«В<асилий> В<асильевич> ранее рассказывал мне как-то, что женился на Сусловой потому, что она была любовницей Достоевского. Это был брак от “психологии”, брак по Достоевскому, – но совсем не по Розанову, не по автору “Семейного вопроса” и “В мире неясного и нерешенного”. Брак – из романа Достоевского, а не из лона Авраамова. Она была старше его на 16 лет: она уже сильно “пожила”, – не только с Достоевским, но (знал ли это В<асилий> В<асильевич>, когда женился?) и с нигилистами, и с иностранцами, и с красивыми испанцами. Об этих “испанцах” в письме не было, это я знаю уже из книги, заглавие которой выписано выше, но в письме было яркое, мучительное до боли, просто стонущее противопоставление того, что Розанов искал и что нашел в 40-летней даме с нигилизмом. Романтика: “та, кого любил Достоевский!” – оборвалась, психология по Достоевскому вдруг обернулась психологией тончайшего, непрерывного женского мучительства. Произошло недоразумение, идущее до глубины, расщепляющее саму жизнь: несмотря на “романтику”, на “Достоевского”, он-то искал брака не по психологии, а по онтологии, а сам оказался в плену у брака по психопатологии. Вместо греющего добрую плоть нежной семейственности “Бога Авраама, Исаака и Иакова” оказалось озлобленное безбожие шестидесятницы с постелью “принципиально” бездетной; вместо возлюбленной и нежной – озлобленная, умная, как бес, и злая, как бес, полу-нигилистка, полу-Настастья Филипповна (из “Идиота”), кому-то и чему-то непрерывно мстящая; вместо чаемой “колыбельной песни” в спальне раздавался психопатологический визг стареющей, ломаной и ломающейся женщины – “непрерывным раздражением пленной мысли”, озлобленной души, стареющей плоти. Начался ужас. Этот ужас сквозил в каждой строке, в каждом слове, в каждом вздохе этого письма, – и я не могу лучше и точнее выразить этого ужаса, как сравнением: тот, кто хотел возлежать, как герой “Песни песней”, на нежном и плодящем лоне, входящем в неистощимое, присно рождающее и святое лоно Авраамово, тот оказался прикованным к колющей постели стареющей, бесплодной, чувственной и истеричной нигилистки, мстящей Достоевскому, как Грушенька своему покровителю.

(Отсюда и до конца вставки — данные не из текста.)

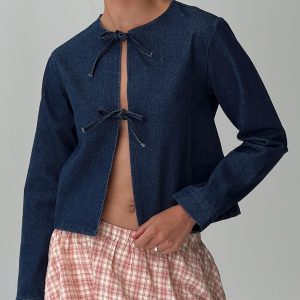 Never Alone Tie Detail Jacket Denim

Течение письма прерывалось восклицаниями: “Она измучила меня! Она ненавидела меня!’ {В дневнике Суслова писала 24.IX.1864 г.: “Теперь я чувствую и вижу ясно, что не могу любить, не могу находить счастья в наслаждении любви, потому что ласка мужчин будет напоминать мне оскорбления и страдания” (с. 923). – Прим. мемуариста} (Достоевский предупреждал ее: “Если ты выйдешь замуж, то на третий же день возненавидишь и бросишь мужа”.)
Теперь, когда с ним была Варвара Дмитриевна, все это видел В<асилий> В<асильевич> и мог кричать это ей с особой силой, так как в Варваре Дмитриевне он нашел то нежное, пробуждающее мудрость и дающее покой – лоно, которого искал и у той, но нашел нигилистические иглы вместо лона.
Письмо было потрясающее. Любовь и ненависть, благословения и проклятия сплелись в нем. В нем был крик спасшегося от гибели, крик с берега, – волне, которая только что била, хлестала его, чуть-чуть не разбила о камень, и вот он все-таки выбрался на берег, жмется к тихому и теплому лону земли, а волне шлет проклятия.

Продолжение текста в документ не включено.